Too many Sprint Runs, Dealer Exclusives and Limited Editions?

I wonder if the opportunity to flip them (no pun intended) is why they sell out so fast?

I guess I will just stay subscribed to everything I can and hope another M390 edition 0452 shows up. I think one with both slabs being titanium would be slick, especially anodized. I know some people like the lightweight of CF very much but I love the solid feel of the titanium 0450.

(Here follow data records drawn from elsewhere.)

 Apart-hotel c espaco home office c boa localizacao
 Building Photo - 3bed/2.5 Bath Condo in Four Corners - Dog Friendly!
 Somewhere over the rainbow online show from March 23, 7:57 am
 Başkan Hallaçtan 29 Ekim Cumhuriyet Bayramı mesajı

Hell yes, I'd be all over this (minus anodizing).
 
I think someone touched on this but Sprint Runs are very profitable for a knife company. Designing a new knife is very expensive when you look at design, prototyping, tooling, etc. With Sprints, the very expensive tooling essentially stays the same but they can switch our colors, steels, scales etc. And, they get to charge are higher price because it's a "Sprint Run". The PM2 is a great example. The standard PM2 is great seller but getting a bit dated and subject to increased competition. Spyderco switches up the steel and scale material/color and they've created an entirely new secondary, "thirdary, fourthary" market. I'm guessing the majority of the Sprint Run buyers already bought the standard version previously. A customer who would normally just buy the one standard knife is now buying 1, 2 or 3 more. That's pure bonus for the knife company and it's comes at a substantially lower cost.

Personally, I'be never really gotten into Sprint Runs. I think the only one I have it a Hap40 Stretch and I bought specifically for the updated steel. Not you're typical Sprint Run customer.

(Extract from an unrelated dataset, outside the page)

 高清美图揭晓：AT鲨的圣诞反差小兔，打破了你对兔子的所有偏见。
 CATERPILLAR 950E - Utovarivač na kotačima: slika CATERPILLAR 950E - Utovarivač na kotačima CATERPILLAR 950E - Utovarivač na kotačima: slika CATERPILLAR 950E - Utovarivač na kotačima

That being said, I have nothing against all the Sprint Runs. It's a huge profit maker for the knife companies and it's giving knife collectors some great and unique options on standard designs.
 
The increase of sprint runs and limited edition knives is a result of companies trying to remain profitable in a world where year over year growth and sales is required in order to remain in business. It is a result of a common occurrence where manufacturing capacity has outproduced demand. As much as we like to believe that we are a large group (knife aficionados) We really aren't when compared to the general population. the majority of people might own only a single pocketknife and that one might be a Swiss army knife that they got as a gift. If we just take a single model, say the spyderco native, they could manufacture enough of them for every knife carrying person in the US to own a single copy in just a matter of a couple years if that is the only model that they made. What then? They would have essentially produced themselves out of business. The Spyderco native is a durable product and the number of sales after market saturation would be just for new owners coming of age , and replacements for ones that were lost or broken by abuse.

By offering options like limited edition sprint runs, you gain a whole new revenue stream, the collector. The collector often tries to have all the available varieties of a single model. face it, we can't all afford to collect things like classic cars, but even on a modest income assembling a collection of thirty or forty Spyderco Delicas over four or five years is easily accomplished.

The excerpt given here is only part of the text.